How to build a simple system in Verdi

In this long-awaited post, we'll show how to implement and verify a simple distributed system.

Last time we described how Verdi models the execution environment of distributed systems using network semantics. In this post, we'll use those semantics to verify a simple primary-backup distributed counter.

The system maintains a counter, which external clients can increment by sending a request. Internally, the system consists of two nodes, a primary and a backup, each of which maintains a copy of the counter. Clients send increment requests to the primary, which increments its local copy of the counter and forwards the increment request to the backup node. When the backup receives the request, it increments its local copy of the counter and responds to the primary with an acknowledgment. Finally, when the primary receives the acknowledgment, it informs the external client that the request has been completed.

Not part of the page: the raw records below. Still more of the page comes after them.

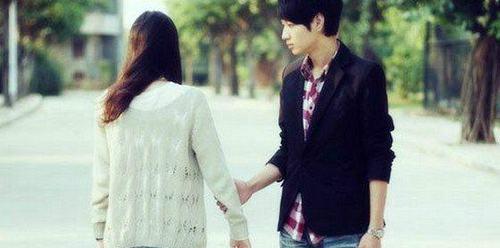 分手后挽回女友的消息怎么发？有效沟通的技巧有哪些？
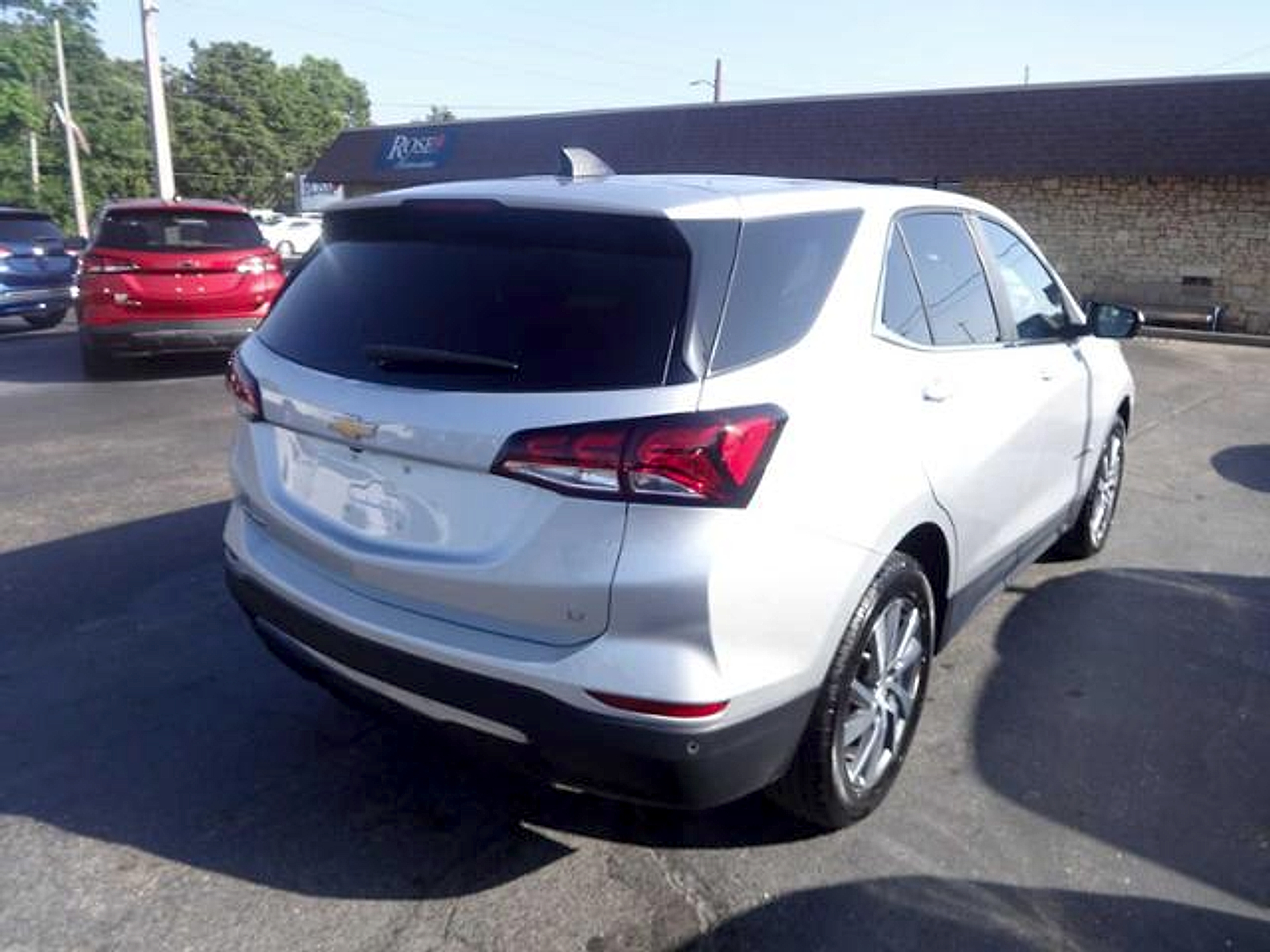 View vehicle photo 7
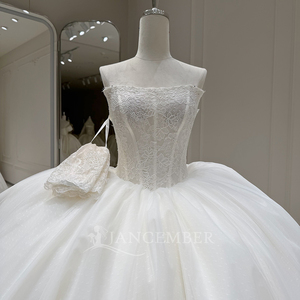 Vestido de Novia Moderno Xx90 Color Marfil, Sin Tirantes, con Corsé de Encaje, Falda de Tul Voluminoso Estilo Princesa, Cola Capilla - Product Image 3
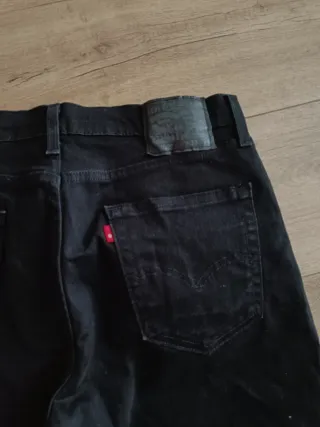 Pantalones Levis Negros ajustados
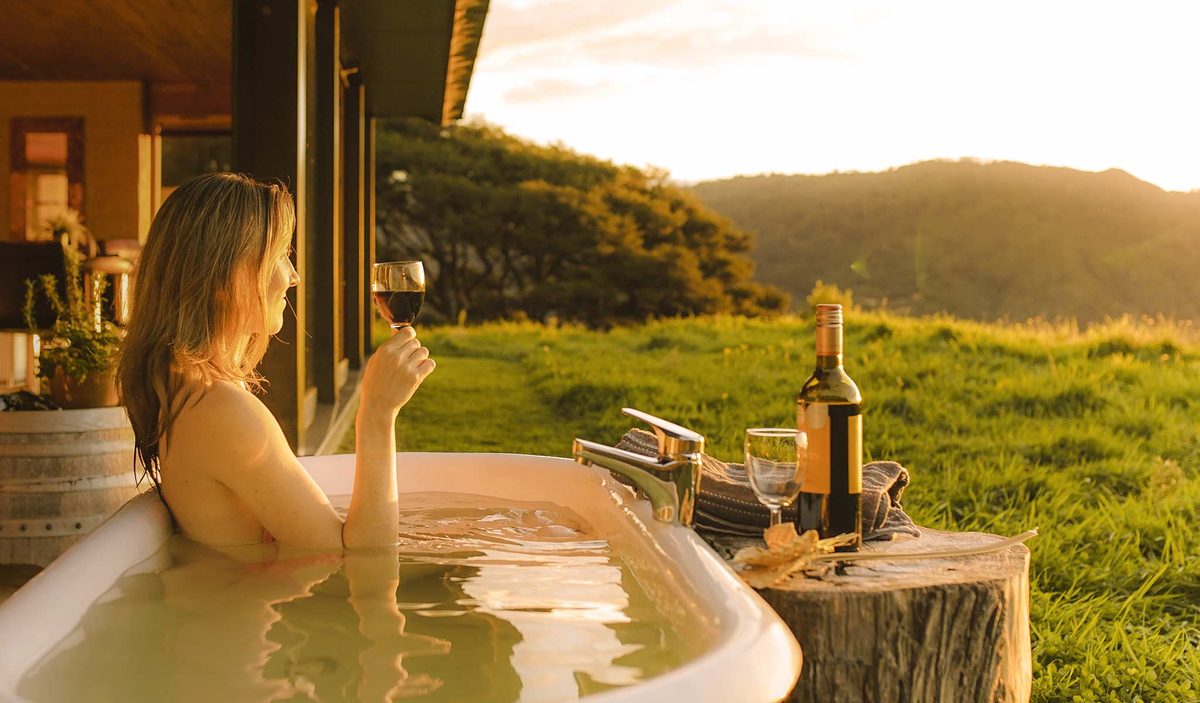 Golden Bay Hideaway: Eco-accommodation at the northern end of the Abel Tasman Coast Track. Book direct and pay 25% less. photo 2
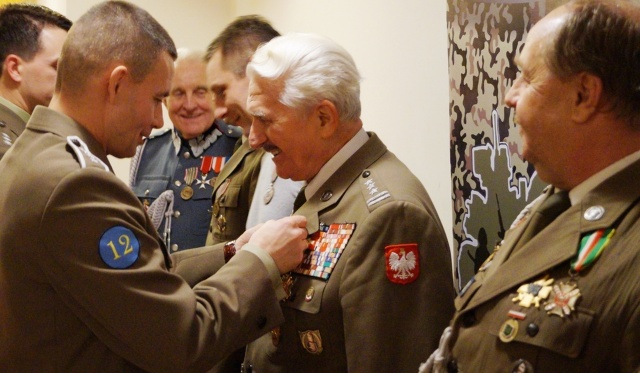 Wojskowy Klub Honorowych Dawców Krwi otrzymał odznakę "Gryfa Zachodniopomorskiego". Fot. 12 Szczecińska Dywizja Zmechanizowana. Dzięki ich krwi lekarze mogli uratować ponad dwieście osób [ZDJĘCIA]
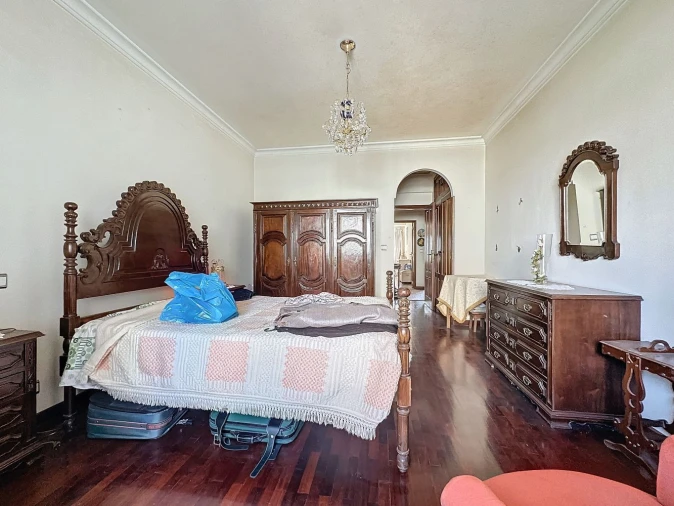 Apartamento T4 para Venda em Areeiro Foto 34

This is a very simple system. Most glaringly, it is write-only; there is no way for the external clients to ask what the current value of the counter is. However, this system already illustrates the basic ideas and proof techniques required to use Verdi. After understanding the code and proof below, it's a good exercise to extend the system with reads.

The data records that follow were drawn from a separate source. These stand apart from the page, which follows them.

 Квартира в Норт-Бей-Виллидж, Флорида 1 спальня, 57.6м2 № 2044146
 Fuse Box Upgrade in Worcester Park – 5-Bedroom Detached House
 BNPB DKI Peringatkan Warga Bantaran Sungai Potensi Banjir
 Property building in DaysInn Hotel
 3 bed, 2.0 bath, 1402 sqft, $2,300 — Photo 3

The property we will prove of this system is that the backup's copy of the counter is always less than or equal to the primary's copy. The backup's copy might be strictly less than the primary's due to pending requests in the network, but the backup can never be ahead of the primary.

There are a few things to note about this property. First, it does not guarantee that the backup ever does any work. An implementation in which the primary immediately responded to client requests without contacting the backup would also satisfy the property. Second, the property is internal and state-based; it says nothing about how the system interacts with external clients. Verdi also supports proving external properties by reasoning about the trace, but we will not show how to do that here. Despite these shortcomings, this property illustrates the basics of reasoning about systems in Verdi.

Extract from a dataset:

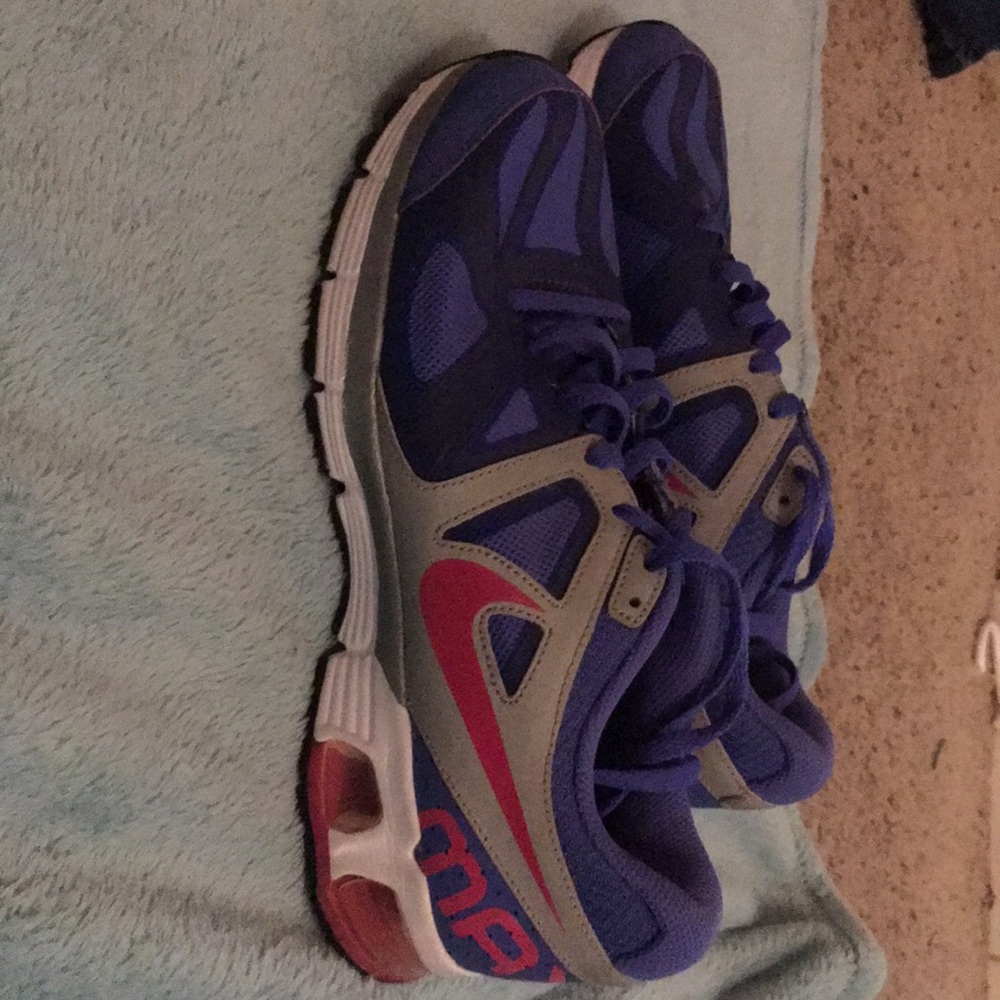 We are selling some workout shoes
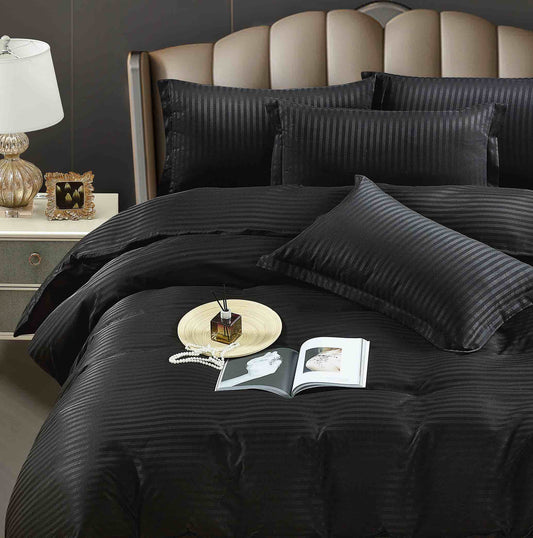 Set Lenjerie de Pat DAMASC, 6 piese, pat 2 persoane, cu elastic culoare Negru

This blog post is a literal Coq file. For the purposes of presentation, I've omitted some low-level details, but you can always refer to the source for the full story. Also, this series of blog posts presents a simplification of the actual Verdi sources. If you're curious the Verdi distribution contains an implementation of this system as an example.

Implementing the Primary-Backup Counter System

We will use the network semantics from last time, so we first import that code.

Require Import NetworkSemantics.

To implement a system using the network semantics, we have to declare types describing the nodes of the system, the messages exchanged internally by the system, the type of state kept at each node, the type of input requests made by external clients, and the type of output responses.

These types for the counter system are given below. There are two nodes, the primary and the backup. They exchange two messages: increments and acknowledgments. The local state of each node is just a natural number representing the counter. The system expects increment requests as inputs and sends increment responses as output.

Inductive node := primary | backup.

Inductive msg := inc | ack.

Definition state := nat.

Inductive input := request_inc.

Inductive output := inc_response.

With the types out of the way, we're ready to implement the system. The implementation consists of an initialization function that computes the initial state of each node, a function that processes external inputs, and a function that processes internal messages from other nodes.

The initial state of each node's copy of the counter is 0.

Definition initState (_ : node) : state := 0.

The functions for handling input and messages are written in a monadic style, with read-write access to the local state, the ability to send messages to other nodes, and the ability to send output to external clients.

Definition handler_monad A :=
  state -> A * state * list packet * list output.

Definition handler :=
  state -> state * list packet * list output.

Definition do {A : Type} (m : handler_monad A) : handler :=
  fun s => let '(a, s', ps, os) := m s in (s', ps, os).

handler_monad is the type of these monadic actions, while handler is isomorphic to handler_monad unit. The latter is used by the network semantics, which has no notion of the monad. The suggestively named function do converts a monadic action into a handler by ignoring the return value.

At this point in the code are definitions for the usual ret (aka return) and bind operations, and of monadic actions for reading and writing the local state, and for sending messages and external output. While these definitions are left out this post, you can view the source for the details.

The core action of the implementation is incrementing the local counter. We factor this out into a helper function do_inc, as follows.

Definition do_inc : handler_monad unit :=
  x <- get ;; set (x + 1).

do_inc uses the monad to get the local state and then set it to be one more, as expected.

The function processInput handles external inputs from clients.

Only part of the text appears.